**What you should do:** Your output should be the lines from the one containing "участок по адресу" through the last line below, both ends included, exactly as written and free of pictures.

►

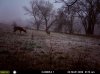 hunting 031.jpg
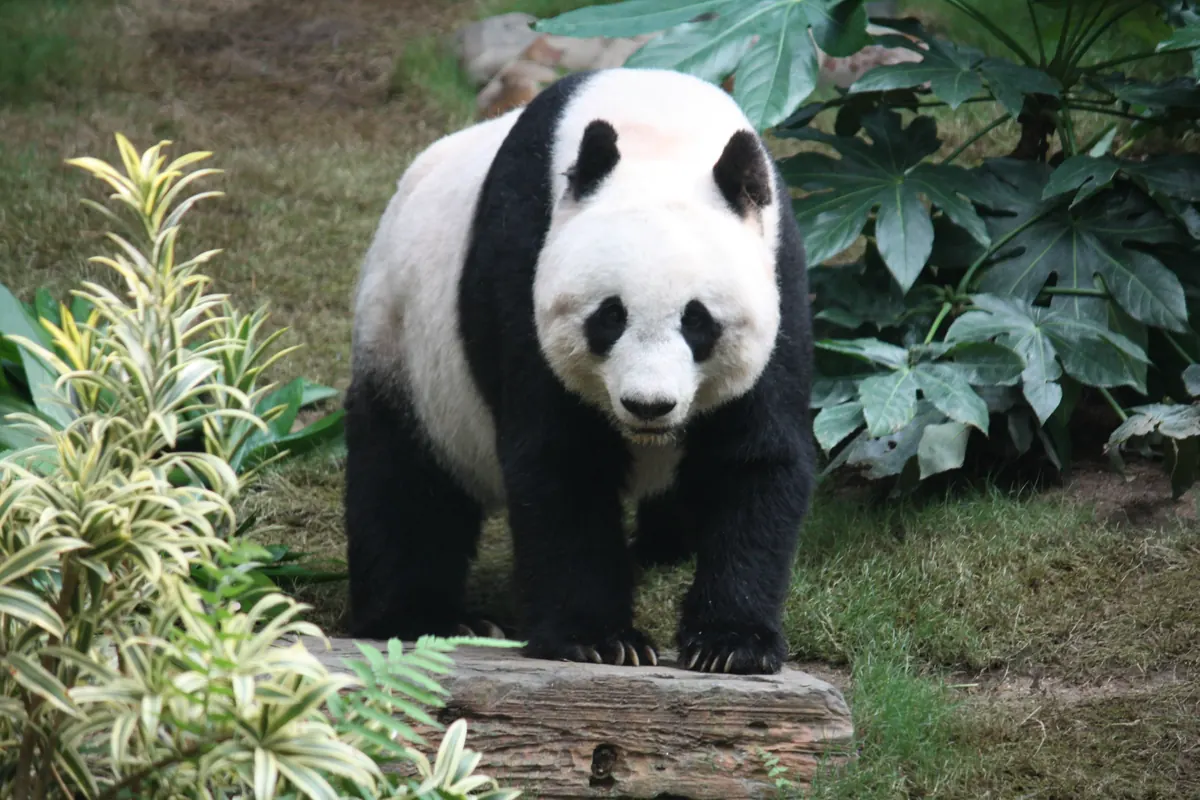 Giant Panda endangered species photo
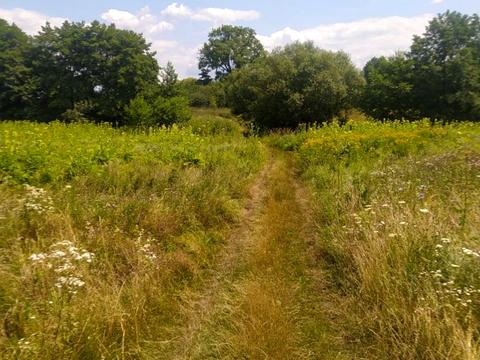 участок по адресу с. Червоная Чагаровка, 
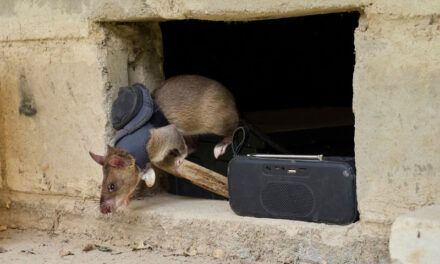 Ratas detectan minas terrestres y tuberculosis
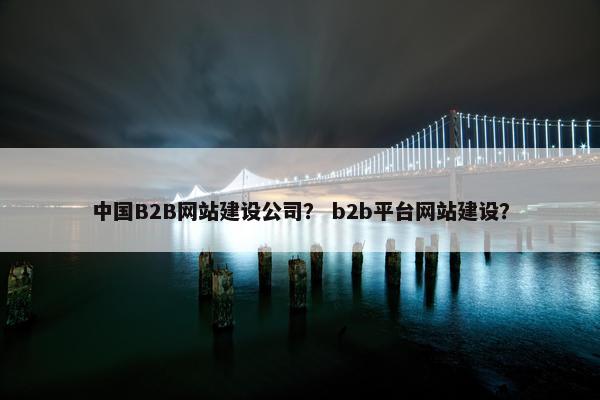 中国B2B网站建设公司？ b2b平台网站建设？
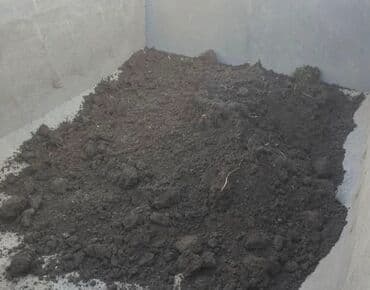 dibcək gulləri ev gulleri ve adlari: Kənd təsərrüfatında və ya bağçılıqda istifadə olunan qara rəngli — 1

◄

**Result for this exercise:**
 участок по адресу с. Червоная Чагаровка, 
 Ratas detectan minas terrestres y tuberculosis
 中国B2B网站建设公司？ b2b平台网站建设？
 dibcək gulləri ev gulleri ve adlari: Kənd təsərrüfatında və ya bağçılıqda istifadə olunan qara rəngli — 1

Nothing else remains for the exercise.